In the first phase of the research process, the problem is identified. It must be ensured that the problem has (or might be of) practical relevance once solved. Criteria for problem relevance are reviewed, e.g., in [6], and will be ensured by a combination with the practice-driven innovation process from the previous section. The research question may arise from a current business problem or opportunities offered by new technology. The phase is divided into the following steps: identify problem, literature research, expert interviews, and pre-evaluate relevance. It specifies a research question and verifies its practical relevance. As a result of this phase, an IS research question is defined and its relevance is validated by experts. The state of the art in research in the observed area is analyzed. Thus, this phase offers a solid and important foundation for the following research process.
In the second phase, the solution is designed. It is divided into the steps artifact design and supporting literature research. After identifying a problem and pre-evaluating its relevance, a solution has to be developed in the form of an artifact. Within this phase, research rigor must be ensured by using all the available related work. The artifact design is a creative engineering process and not much guidance is provided in the literature. On the one hand, there exist general creativity methods as described in the Introduction, which offer little structure to match the complexity of a typical engineering problem in IS. These methods pursue goals that are often contradictory to a controlled process that is necessary for such tasks [49], and where contribution to science can usually only be determined in a rigorous evaluation of the created artifacts (as a phenomenon in the following phase). In this paper, we argue for the documentation of scientific progress both in the design and the evaluation of the artifacts.
Once the solution reaches a sufficiently stable state, its evaluation can be started (third phase). It is possible to iterate back to “design artifact” or even “identify problem” stages, if necessary for further iterations. Evaluation is to be achieved by the means of a case study or action research, by arranging a broad expert survey, laboratory experiments, simulations, or other methods described, e.g., by [12]. The expert interaction of the innovation process in Section 4.1.1 again provides a favorable situation for the evaluation of the artifact. Although we emphasize the design phase, we believe that empirical evaluations are best suited for ex-post [62] evaluation and to generate accurate insight. Assumptions should be verified empirically and presented to the observed practitioner to keep in touch with current developments. This is empirical grounding according to the classification from [63].

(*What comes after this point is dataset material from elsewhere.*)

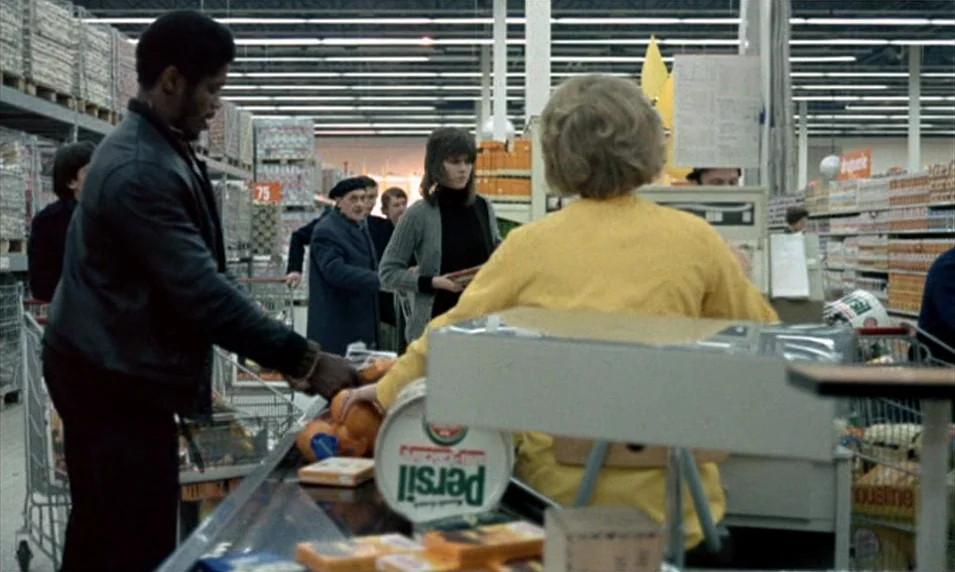Tout Va Bien (1972) movie still: medium — A busy checkout line in a 1970s supermarket with rows of inventory shelves. A man sets groceries on the…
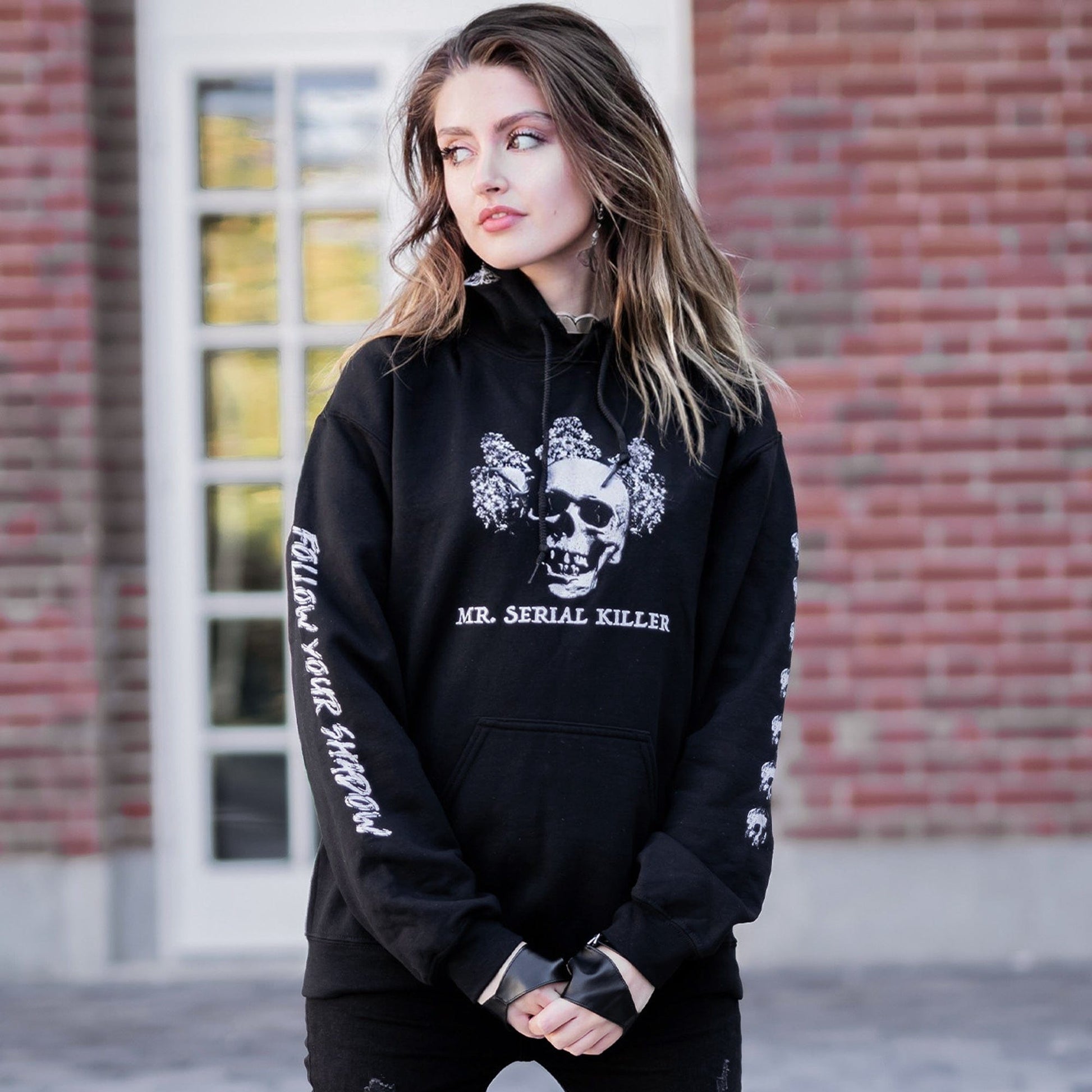 Gothic model wearing the Follow Your Shadow: Mr. Serial Killer Macabre Graphic Black Hoodie in a Victorian setting, embodying dark macabre fashion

4.1.3. Initial Method Design: Combination into an Integrated Process Model

Because of the comparable modeling, these stage-gate oriented processes can be easily integrated into the presented innovation stage-gate process. Although the DSR process goes through iterations more frequently, the gates act as synchronization points as depicted in Table 2. For researchers, an immediate advantage of this integration is that the experts and decision makers at every gate can be sourced for the expert interviews to ensure practical relevance and the testing of hypotheses. Agile elements can be integrated into the process between the gates (R4). Thus, the integrated process fulfills all main requirements from Table 1.
The character of the stage-gate process largely depends on the selection criteria and on the staffing of the decision makers at the gates (“who is the gatekeeper”). An interesting insight is shared by [52] with this discussion: the established gates carry the danger of early censorship of ideas by the decision makers. While it is noteworthy not to censor an idea before a phase of experimentation and execution, the authors also stress the necessity of censorship in some cases. Examples are given, of how only wise decision makers can gauge the right balance between giving room for experimentation or censorship of an idea. They cite prominent examples where either way (censorship or support) can be beneficial to innovation when applied wisely.
Based on these parameters, the stage-gate process may have either a filtering function or a coaching and feedback purpose.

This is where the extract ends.